Saturday, November 19, 2011

Kevin Conroy | Local Arts: the power to change lives and uplift the entire community

Several weeks after visiting the first reading of Bunnicula, I had the privilege of seeing the play come to fruition.  The young actors and actresses surprised me with their progress— it was hard to tell that it was the first production for all of them.  From a quiet, rainy night in the art gallery behind the main stage, to the musical performance delivered on a sunny autumn afternoon, Bunnicula was a resounding success.

My first visit to Arts YOUniverse was the night of the first read through of the script, and there was a storm brewing.  It continued to rain throughout the night, and many places in the surrounding area experienced severe flooding.  King’s was eventually evacuated, but luckily neither the college nor Arts YOU was badly affected, and the show was able to go on.

I breathed a sigh of relief upon walking into Arts Youniverse on the day of the play— the stage was set and looked like a realistic living room, complete with a couch, kitchen table, a beanbag chair used for a pet bed, and a stove and refrigerator.  A cage was set up downstage (meaning closer to the audience) that was to house Bunnicula, the dastardly rabbit the play centered around. Only a few days before, the set was still in the planning stage, and most of the attention was still fixed on shoring up the cast’s performances (this is often the case in theater, professional or amateur). The producers had pulled it together well, and just in the nick of time.

The day I went to the play was also the first time that I had heard any of the actresses and actors sing.  In addition to being exceptionally good first time performers, the cast could also sing very well. During the initial run through, there was no singing, but someone would announce that a musical scene was occurring so that everyone could keep their place.

The music itself was adorable— the songs all fit well with the overall themes of the play.  One song sung the praises of pets, while another delved into the eerie world of vampires.  The entire cast pulled it off flawlessly.

I remember in the initial reading that some of the younger members of the cast seemed to have a hard time focusing and keeping track of when it was their turn to speak (which is understandable for their age).  There were no such problems in the final show; everyone articulated their parts well, with good inflection and emotion.  No one wandered off, which is remarkable considering how young some of the actors and actresses were.

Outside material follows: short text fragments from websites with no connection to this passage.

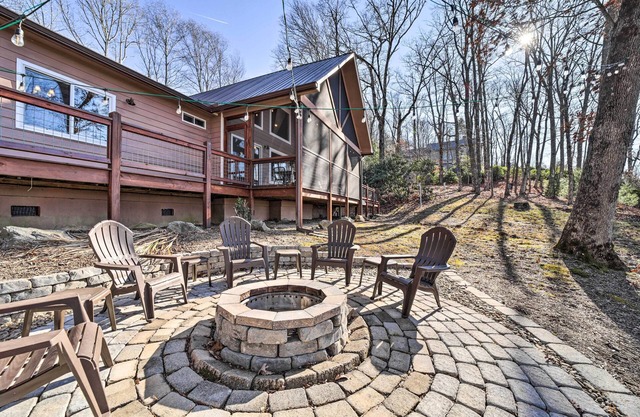 ‘Glenville Serenity Lodge' w/Lake Views!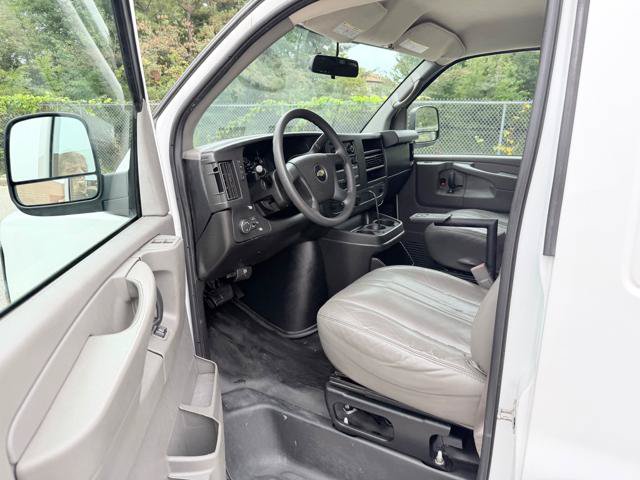 Used 2015 Chevrolet Express 2500 RWD image 25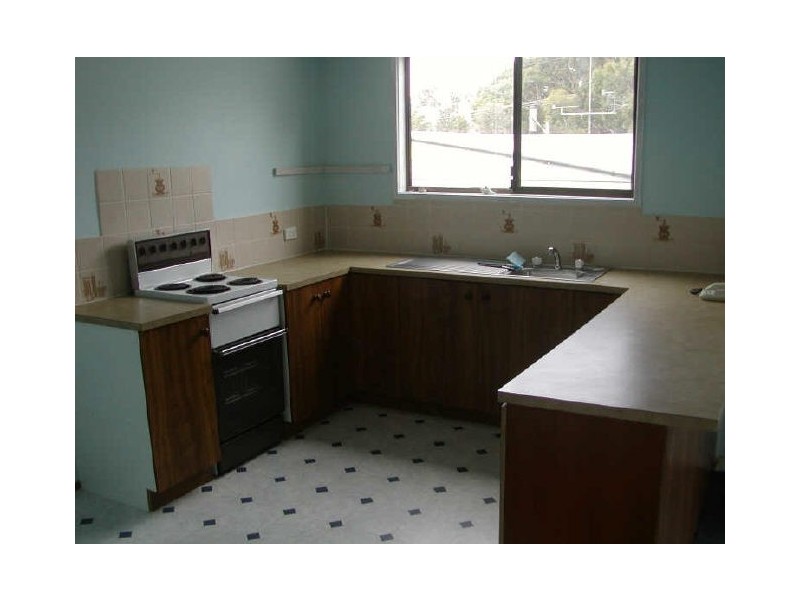 11 Hamilton Street, Inverloch VIC 3996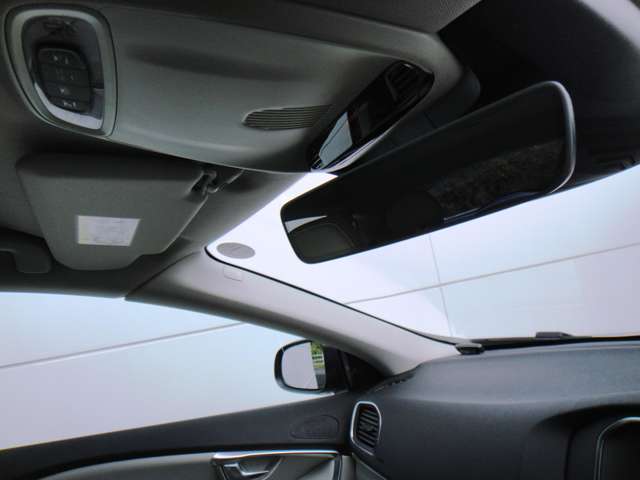 ボルボ Ｖ４０ Ｔ３　モメンタム H28年 (東北) 99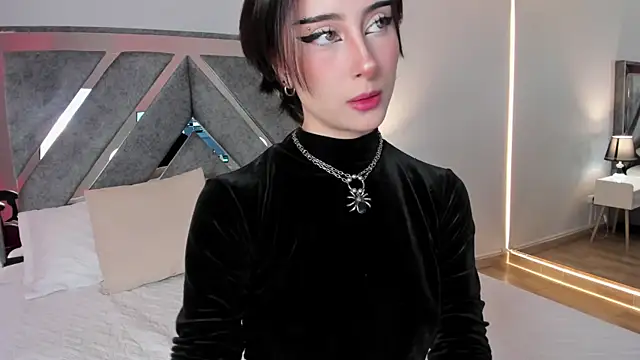 EmmaCollins    online show from November 25, 12:18 pm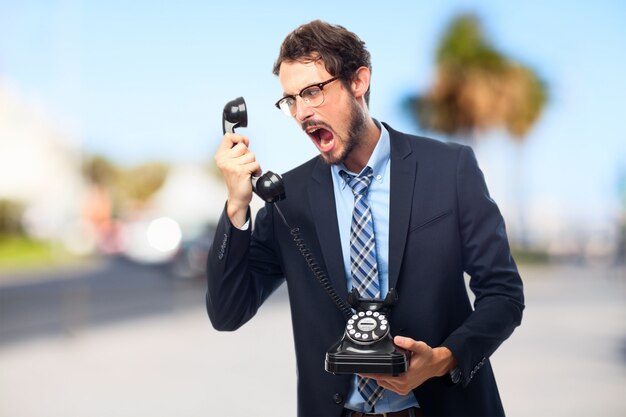 Hombre de negocios furioso gritando por teléfono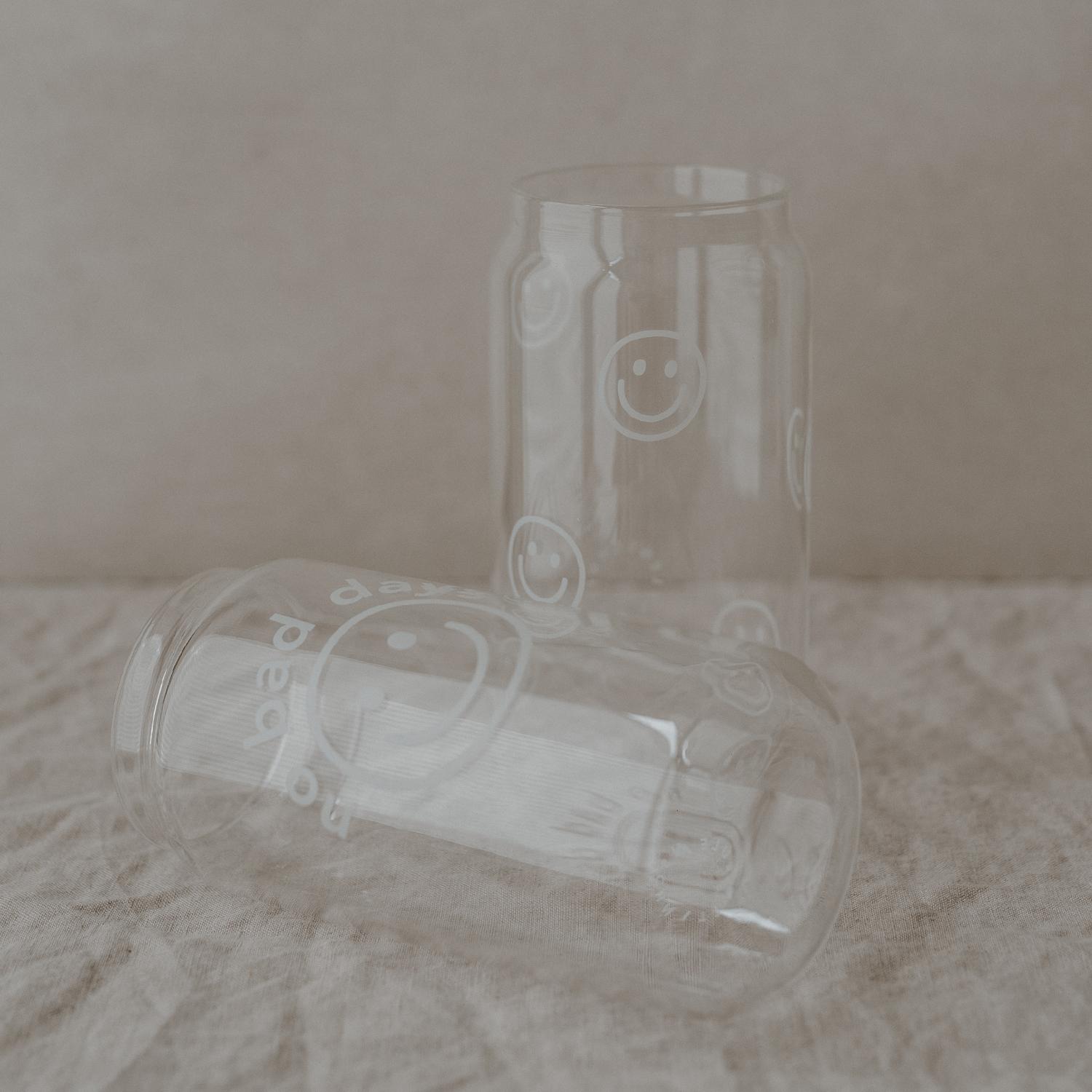 gl-115_canglass_smileys_photocredits_maggymelzer_3 Hohes Trinkglas Smileys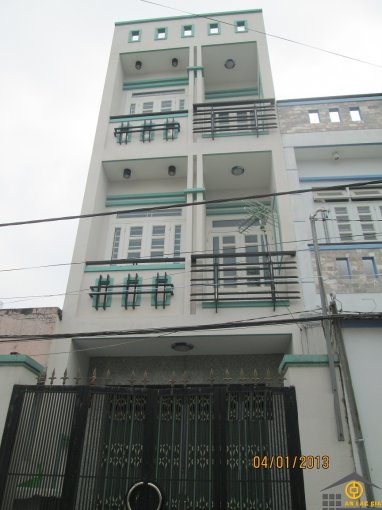 Nhà MTNB 10m Lê Hồng Phong ND, Q.10, 4x18m, 4 lầu. Chỉ 10m ra mặt tiền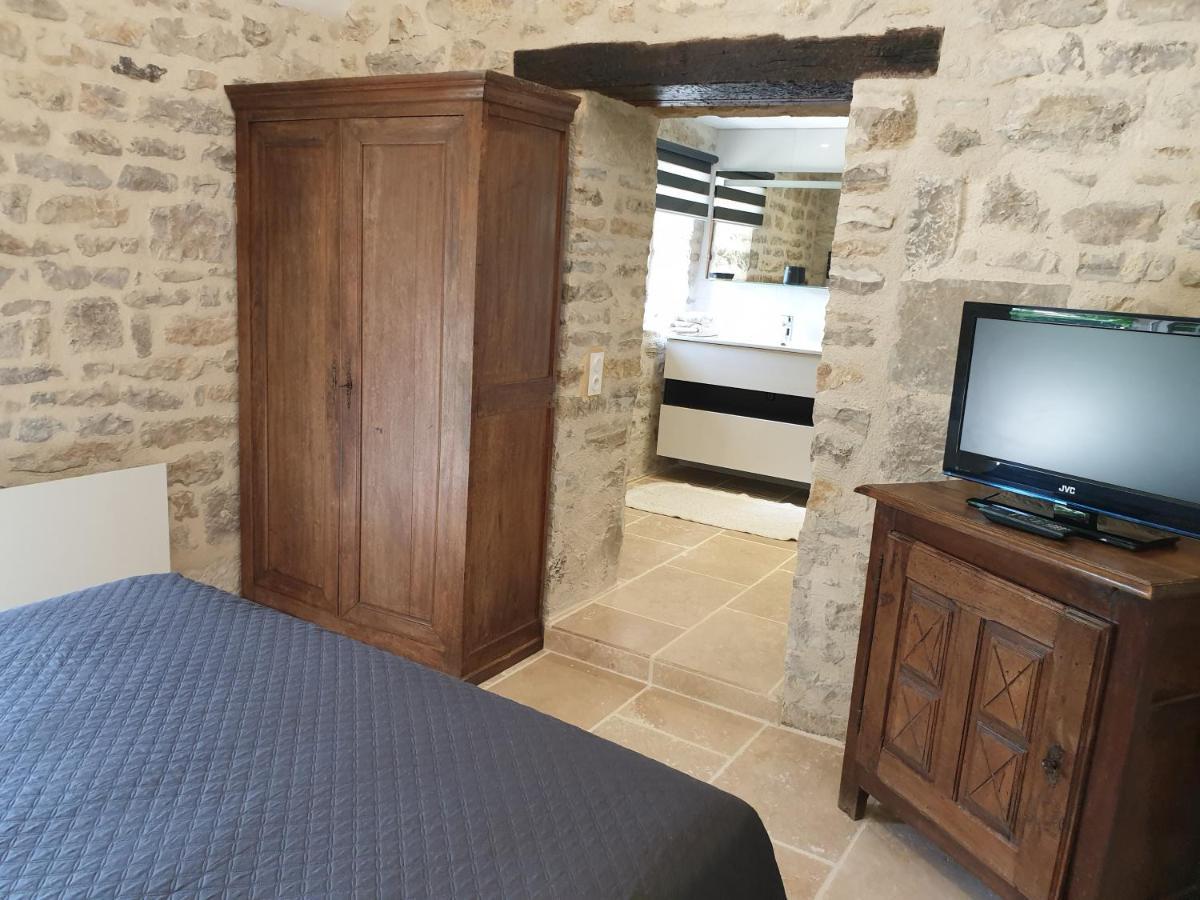Moulin Du Soustre Bed & Breakfast Cavagnac Bagian luar foto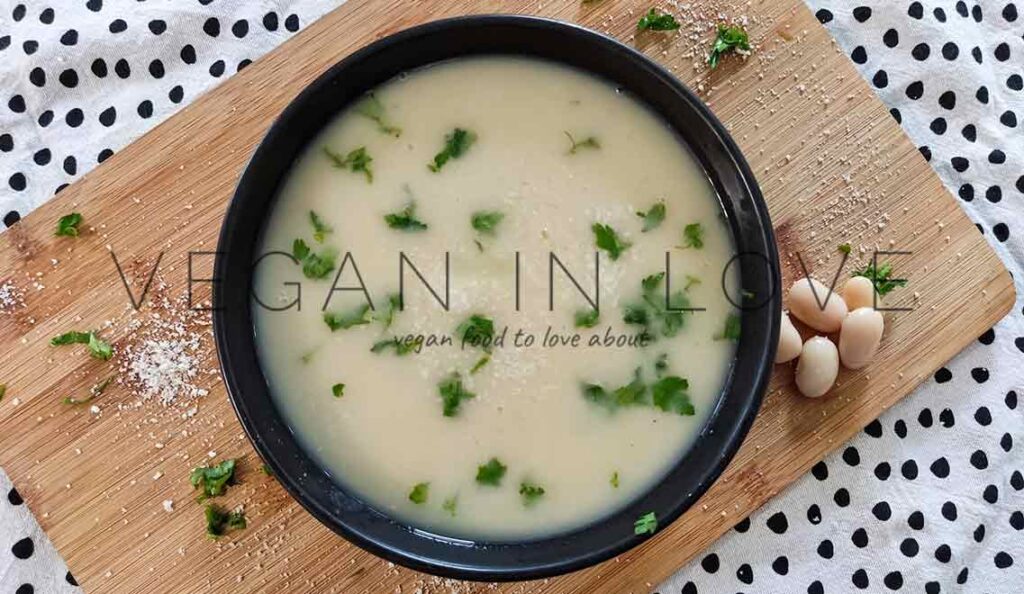 Esta receta de sopa cremosa de porotos blancos es rica, ligera, nutritiva y asequible. Disfruta de esta sopa sencilla y fácil de hacer como entrante reconfortante o como plato principal.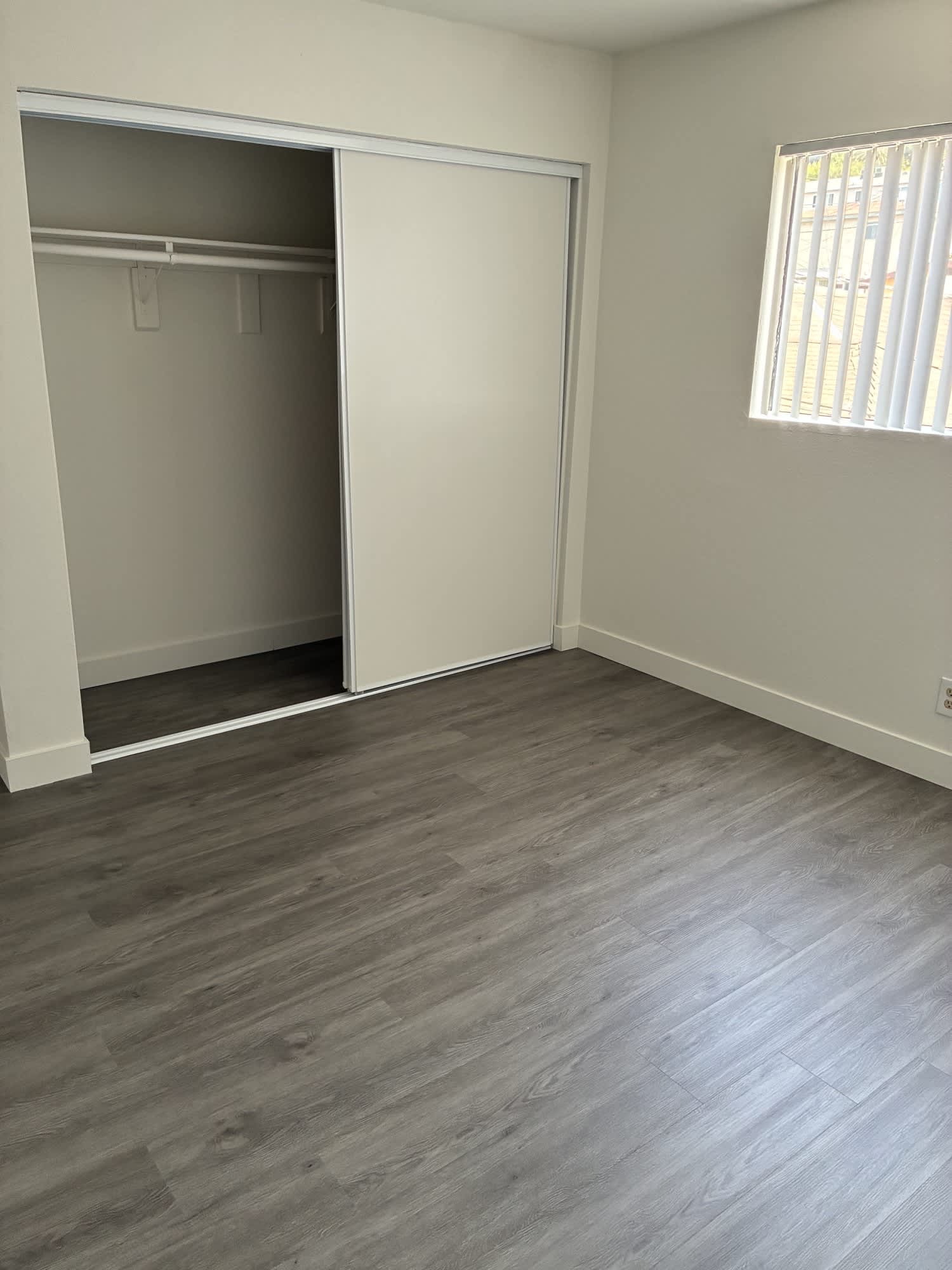 3341 Andrita St – photo 5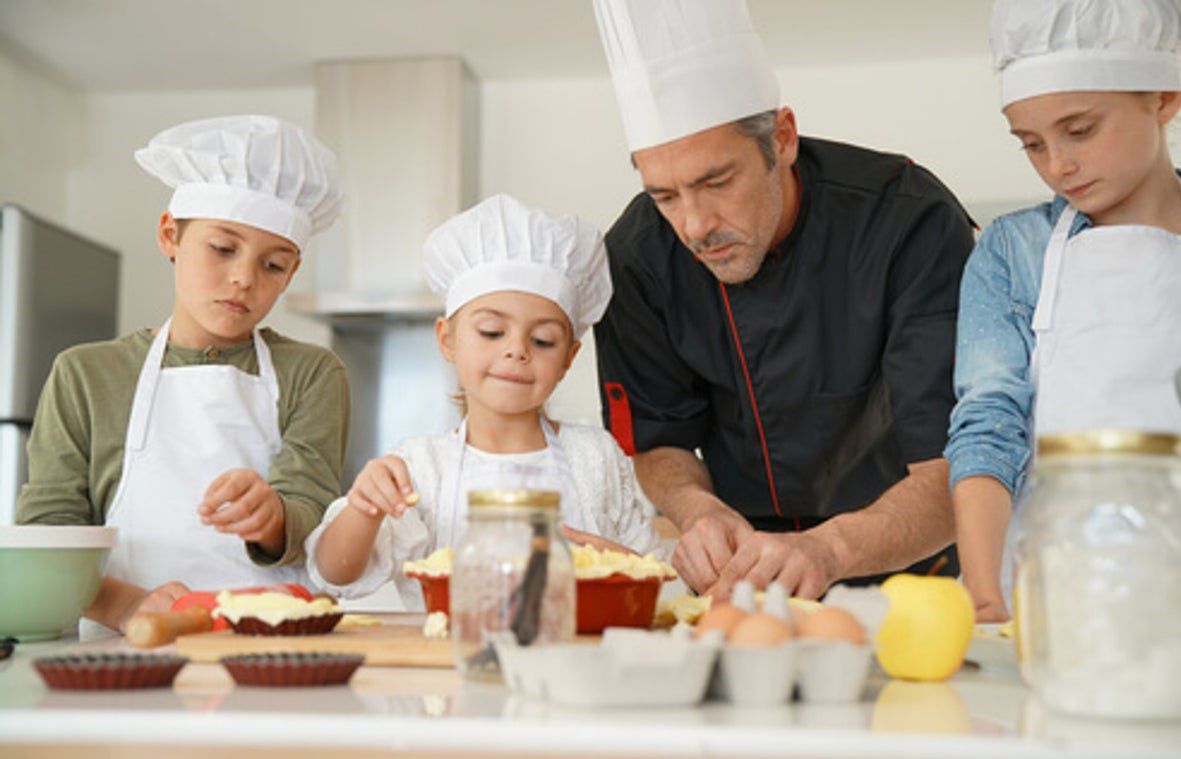 Niños en casa: duendes en la cocina.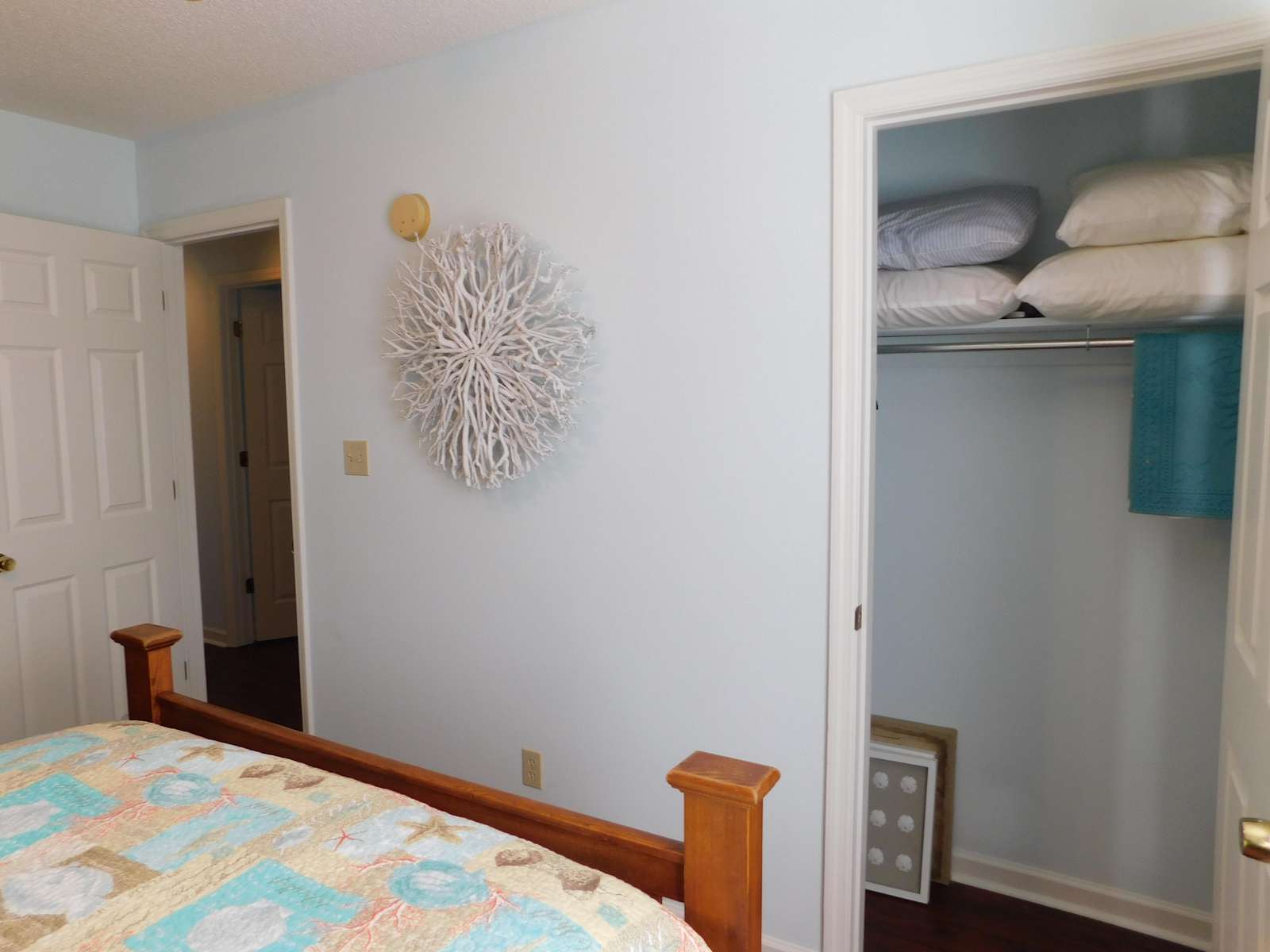 Closet in Queen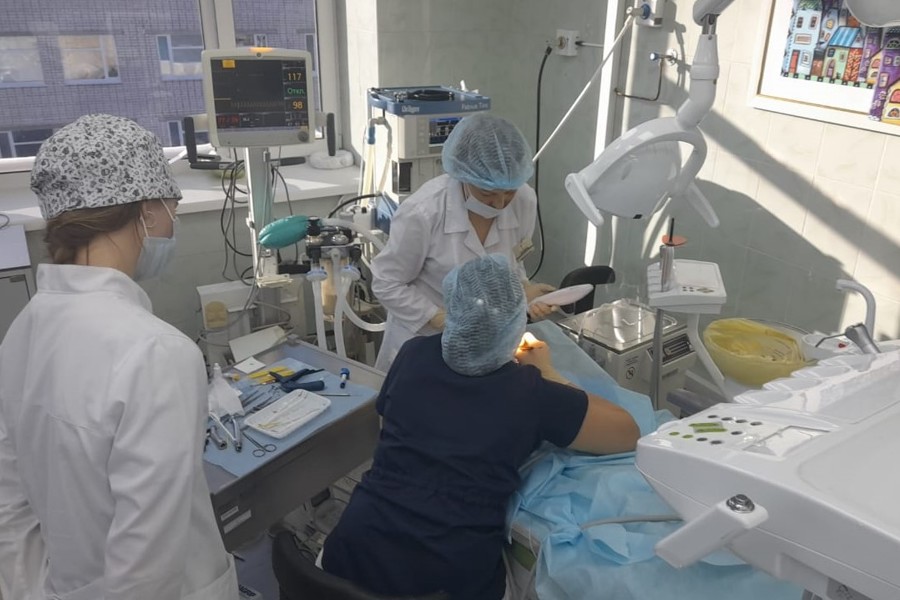 Более 160 маленьких пациентов получили лечение зубов в уникальной стоматологической операционной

It felt good to help out in such a worthy cause.  In addition to the writing and other footwork that went into the Bunnicula project, I was able to help out with the Campion Society (the King’s creative writing club) in selling concessions at the door.  All of the patrons seemed enthusiastic about the play, and afterwards there was a unanimously positive response.  We sold a variety of goods, including hot or cold apple cider and carrot cupcakes with little carrots made of icing on top.

We were able to raise a significant amount of money, sending $250 to the West Pittston library, which was critically damaged during the same flooding that occurred on the night of my first visit to Arts Youniverse.  We were also able to donate leftovers to local charities, such as the St. Vincent de Paul soup kitchen, as well as donate a bunch of leftover water bottles to Arts YOUniverse.

The production was such a success that there is a very good chance that King’s and Arts YOUniverse will be able to partner in the future for an ongoing children’s theater program in the future, offering the community an excellent way to get both kids and adults alike interested and involved in theater. From seeing the evolution of the Bunnicula’s cast, to helping the West Pittston library and other local charities, and hopefully establishing an ongoing children’s theater program, this has easily been one of the most rewarding projects of my college career.

I highly encourage others to take up the flame, so to speak, and get involved with the local arts community. It has the power to change lives and uplift the entire community.